- First tankōbon volume cover, featuring Valaris III (left) and Akira Kumon (right)

2年B組 勇者デストロイヤーず (Ni-nen Bī-gumi Yūsha Desutoroiyāzu)
- Genre: Comedy
- Written by: Hideaki Sorachi
- Published by: Shueisha
- English publisher: NA: Viz Media;
- Imprint: Jump Comics
- Magazine: Weekly Shōnen Jump
- Original run: April 20, 2026 – present
- Volumes: 1
- Anime and manga portal

= Class 2-B Hero Destroyerz =

Japanese manga series

Class 2-B Hero Destroyerz (2年B組 勇者デストロイヤーず, Ni-nen Bī-gumi Yūsha Desutoroiyāzu) is a Japanese manga series written and illustrated by Hideaki Sorachi. It has been serialized in Shueisha's shōnen manga magazine Weekly Shōnen Jump since April 2026. As of September 2026, one volume has been released.

== Plot ==
The Demon King, Valaris, brought an age of darkness upon the world. However, a hero defeated him, and light returned. Before his fall, Valaris created a female clone named Valaris III, into whom he transferred his power. Driven by the desire to resurrect the dark forces, Valaris III enrolls at Shinkai Academy, an ordinary, modern high school. Hiding her identity, she aims to build a new army of demons and takes notice of a mysterious transfer student named Akira Kumon—a seemingly average student who, in reality, possesses superhuman abilities.

== Publication ==
Written and illustrated by Hideaki Sorachi, Class 2-B Hero Destroyerz started in Shueisha's shōnen manga magazine Weekly Shōnen Jump on April 20, 2026. A single tankōbon volume has been released as of September 4, 2026.

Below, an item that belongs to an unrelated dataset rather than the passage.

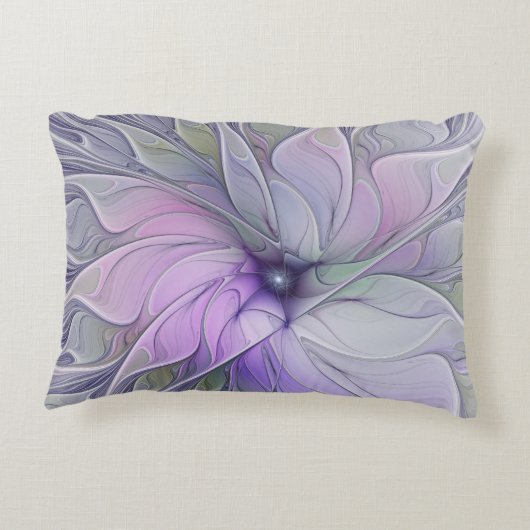 素晴らし美しいモダン抽象芸術フラクタルアートフラワー アクセントクッション (裏面)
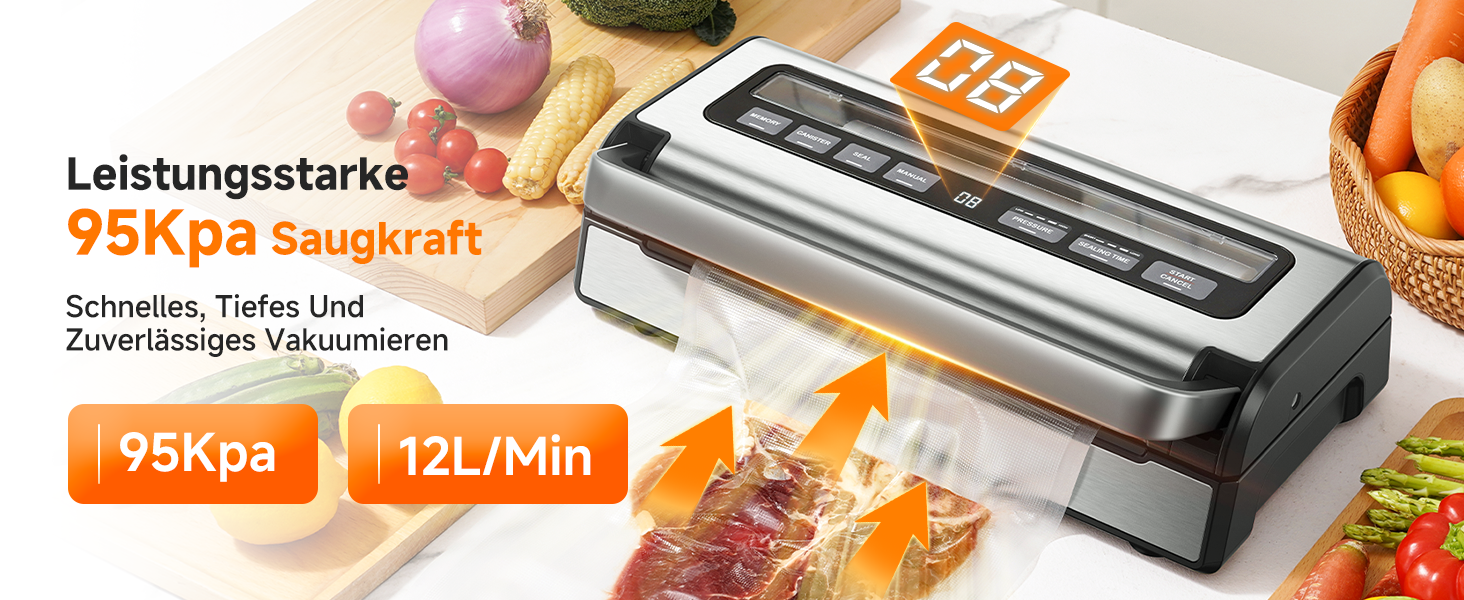 Вакууматор для продуктів 9-в-1 з потужністю 95 кПа, регулюванням часу та тиску, функцією пам'яті, подвійним запаянням, вбудованим різаком та відсіком для пакетів, корпус із нержавіючої сталі, у комплекті 2 ролини та шланг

The series's chapters are simultaneously published in English on Viz Media's Shonen Jump and Shueisha's Manga Plus digital platforms.

=== Volumes ===

| No. | Japanese release date | Japanese ISBN |
|---|---|---|
| 1 | September 4, 2026 | 978-4-08-885228-7 |

== Reception ==
The first volume debuted 15th at Oricon's weekly manga ranking, with 12,548 copies sold. The series was nominated for the 2026 Next Manga Award and placed 16th.